Было известно, что у него есть основная, помимо школы, работа: редактора в «Детгизе». Но, видимо, педагогика влекла. И он взял себе один класс, чтобы провести в нем литературу от восьмого до десятого. Я оказался именно в этом классе. Судьба!
Для знакомства Сан Саныч дал нам домашнее задание: описать самое памятное впечатление минувшего лета.
То лето я провел на море, на Черном, в Кобулети под Батумом. Кто о чем, а я решил рассказать о море.
О лаврах Айвазовского в прозе мечтать, конечно, не приходилось, но, как выяснилось, в четырнадцать лет вообще все трудности предусмотреть сложно. Банальностей типа «море было большое», а тем более «море смеялось», мне удалось избежать, но все-таки за сочинение я получил от Сан Саныча полновесный кол, то есть единицу, то есть — хуже некуда.
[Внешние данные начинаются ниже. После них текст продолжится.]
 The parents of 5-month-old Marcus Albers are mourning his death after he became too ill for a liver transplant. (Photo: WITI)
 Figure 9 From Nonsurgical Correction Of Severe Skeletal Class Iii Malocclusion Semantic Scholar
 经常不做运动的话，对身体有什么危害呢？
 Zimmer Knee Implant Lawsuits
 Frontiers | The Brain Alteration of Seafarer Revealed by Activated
Была и разборчивая резолюция красным: «Сочинение интересно попыткой описать море. Очень много ошибок».
Выше я говорил о своих сложных отношениях с русским синтаксисом — точнее об отсутствии этих отношений. Воспроизводя на бумаге впечатления от морских красот я умудрялся обходиться без запятых. Некоторые, правда, стояли, но не на тех местах, где бы им следовало стоять.
Лучше всех тогда написал Коля Борох. Его сочинение Сан Саныч даже зачитал вслух. Сейчас Николай — известный в стране экономист, профессор в Высшей экономической школе. А тихий Сережа Дрофенко вообще о своих летних впечатлениях рассказал стихами. Потом он тоже стал известен — возглавлял отдел поэзии в журнале «Юность». А умер нелепо. За обедом в Доме литераторов крошка «не в то горло» попала. Он постеснялся об этом сказать, закрыл лицо руками и рухнул. За столиком с ним сидели Гриша Горин, Аркадий Арканов и Василий Аксенов, все — врачи по основному образованию.
Позже 607-ю школу Пирятинского сделали «с математическим уклоном». К тому времени класс Титова давно с ней распрощался. Он и не вписался бы в нее, поскольку сложился в конце концов образцово гуманитарным. И не могло быть иначе. Мы становимся теми, кто нас учит.